September 23, 2011

Advice from St. John of the Cross

When I covet my attractive Bible, I think of this:
One more piece of very good advice: Try to remember what St John of the Cross said about the sacramentals we use (and I think this applies to The Bible.)
"St. John of the Cross points out that sacred objects (sacramentals such as statues, religious articles, spiritual rehcs, crucifixes, rosaries, holy water), and so forth, can play an important role in the spiritual life. However, some people in their prayer life become so attached to these sacred objects that they begin to lose the spiritual benefits they bring. He explains it thus. In the early stages of the spiritual life - he identifies the stages as beginners, advanced, and proficients - God does lead people to him through such sacred objects. However, as they advance in their prayer life from meditative prayer to meditative-contemplative, and finally into pure contemplative prayer, he emphasizes very strongly that they, upon seeing any of these sacred objects, should immediately raise their hearts (souls) to the hidden, incomprehensible God in Heaven Who resides within our own very souls. For He is closer to us than we are to ourselves, but still remains always a hidden God for Whom we should continually search for in our soul. A God Whom we must constantly search out through our prayer life, and through the carrying of our crosses in imitation of Jesus Christ our Saviour. He points out very clearly that when persons sincerely strive for spiritual development and a greater love for God, for holiness, they should avoid the habits of preferring this crucifix to that one because of the quality of wood or metal; or to accumulate rosaries of various types, preferring one to the other because of its colour, metal, size, form and so forth. They begin to accumulate all kinds of statues one after another. In contrast St.John of the Cross affirms that one of the most devout persons he knew had made for himself a rosary of fish bones. Another carried all of his life a simple crucifix made of a palm fastened with a pin.
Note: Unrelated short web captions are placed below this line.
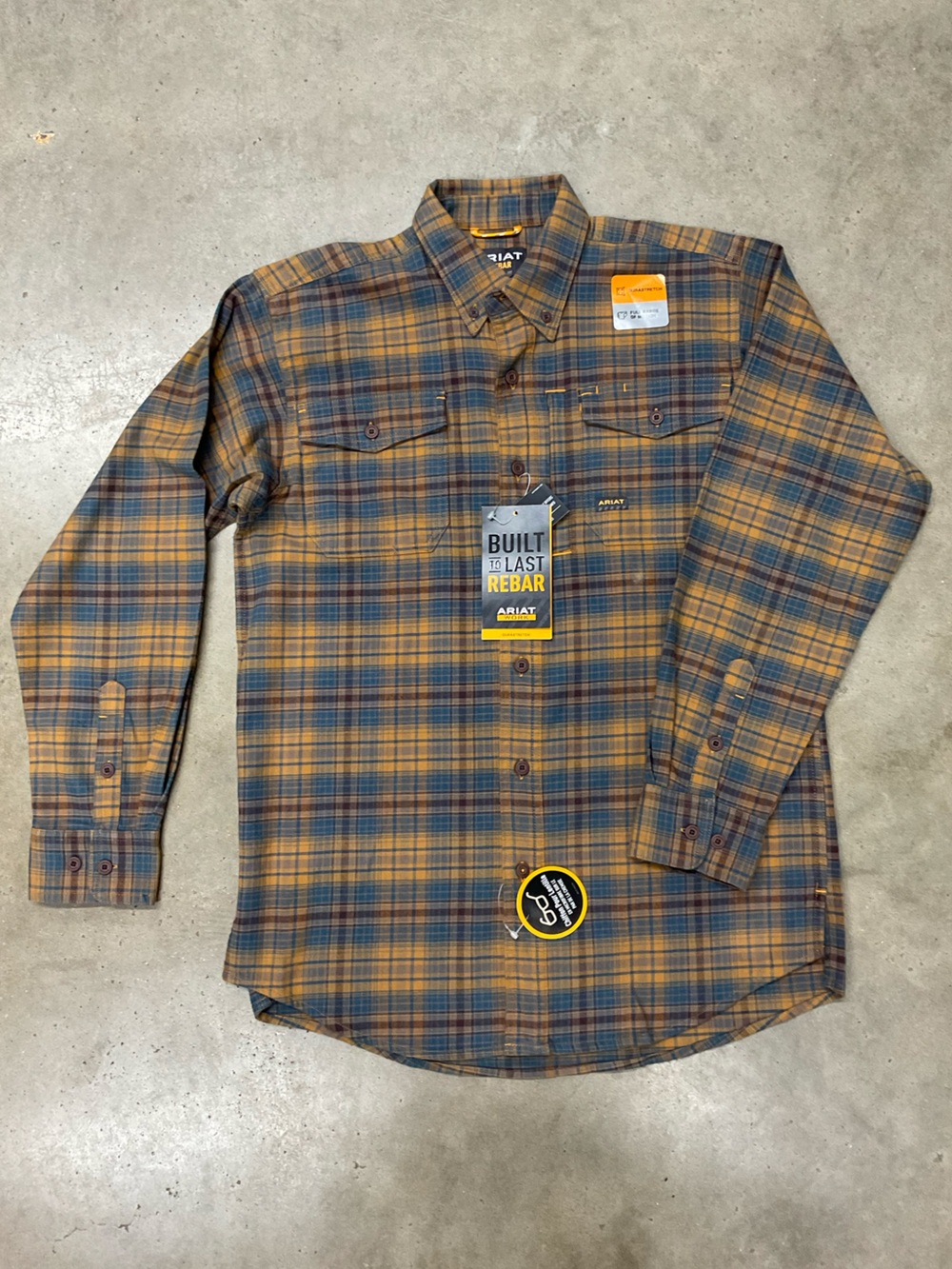 Ariat Golden Brown & Navy Rebar Plaid Work Shirt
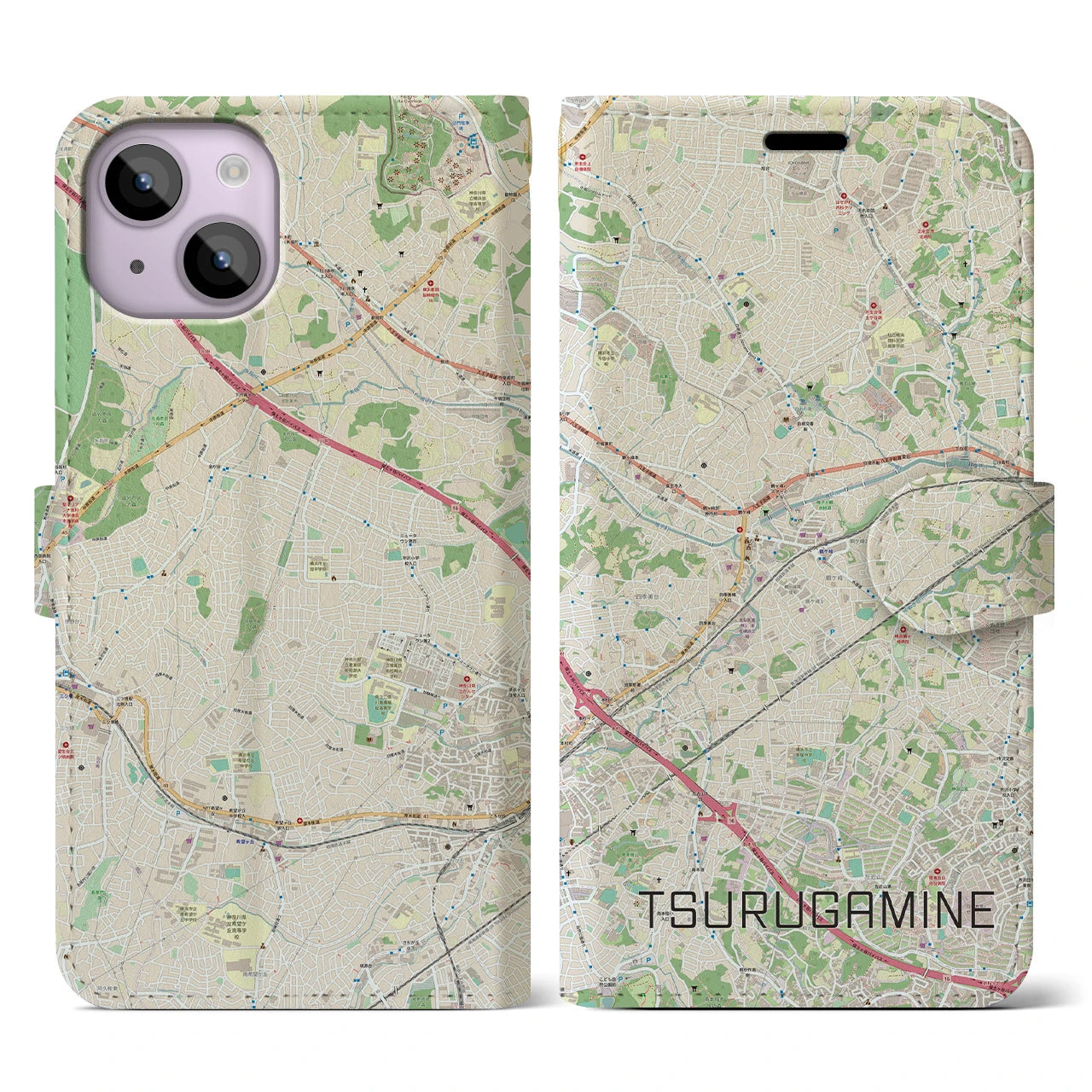 【鶴ヶ峰(神奈川県)】地図柄iPhoneケース(手帳タイプ)ナチュラル・iPhone 14 用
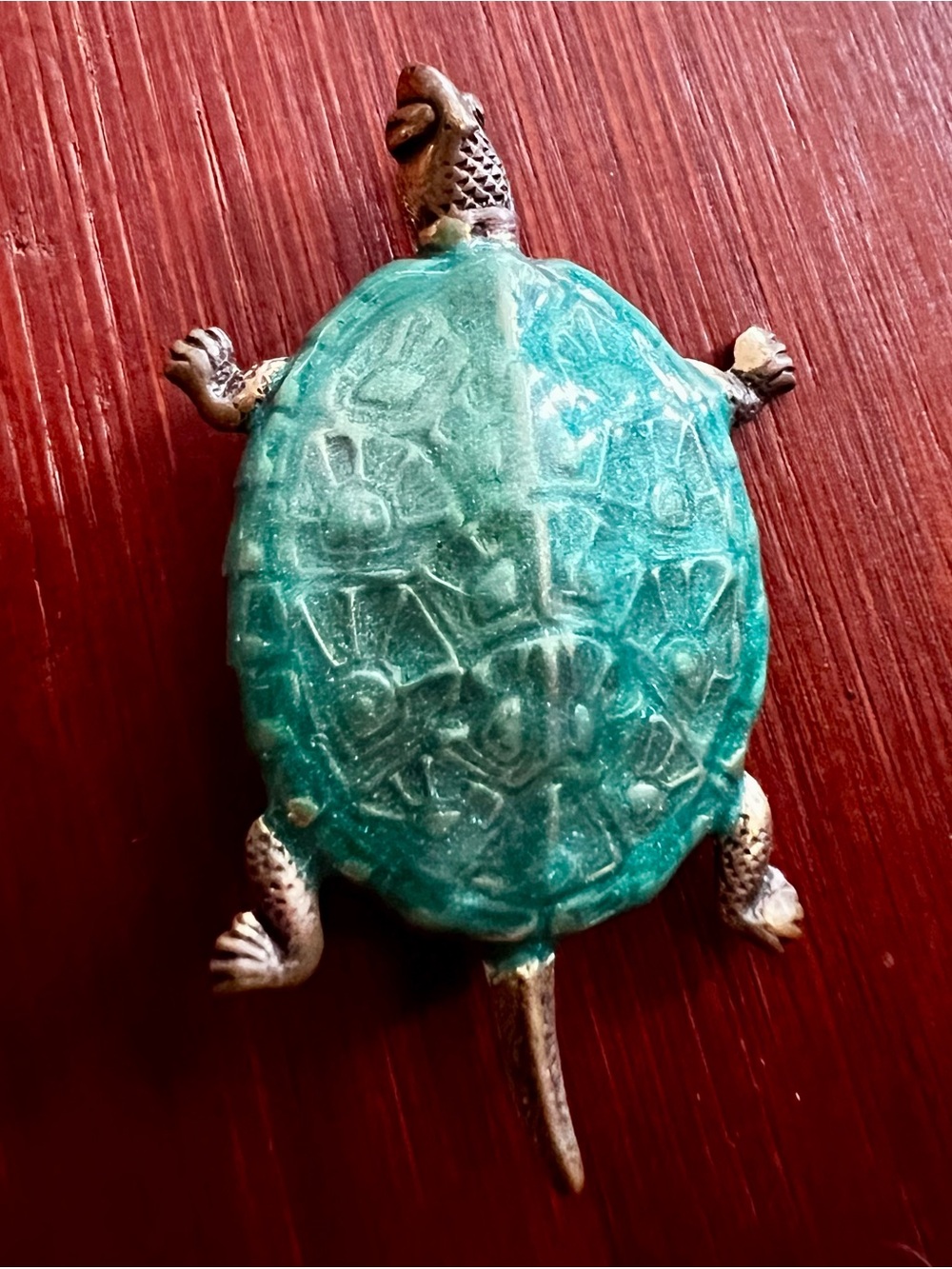 Vintage Metal Aqua Green Enamel Turtle Brooch Pin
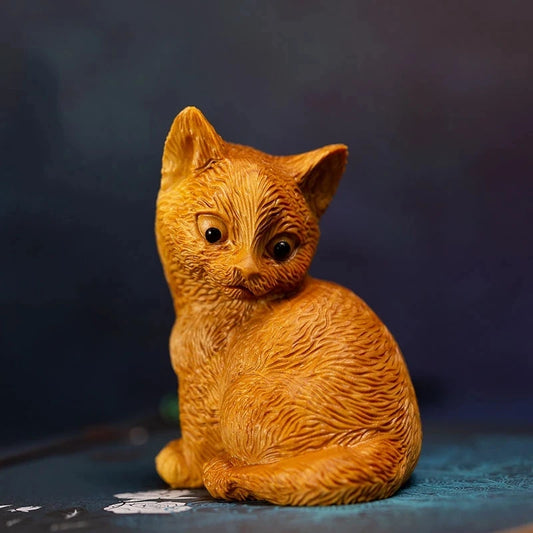 Boxwood 7CM Cat Wood Animal Statue Lucky Little Kitten Home Decoration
In following these practices of a habitual attachment to sacred objects considered by them to be more valuable they cease to derive as much spiritual benefit from these sacred objects, than if they had fewer of them. He recommends that they should instead discipline themselves to prayerfully raise their hearts from these sacred objects to the hidden, incomprehensible God. For he cautions, that as such persons excessively attach themselves to sacred objects they are in actuality detaching themselves from a more true, pure love of the hidden God in their hearts and in heaven. He emphasizes, however, lest there be a misinterpretation of what he is advising, that sacred objects are always an aid to raising one's heart closer to God; providing that at a certain stage in one's prayer life, upon seeing these sacred objects, they immediately make a very determined effort to raise their hearts to the ineffable, incomprehensible God."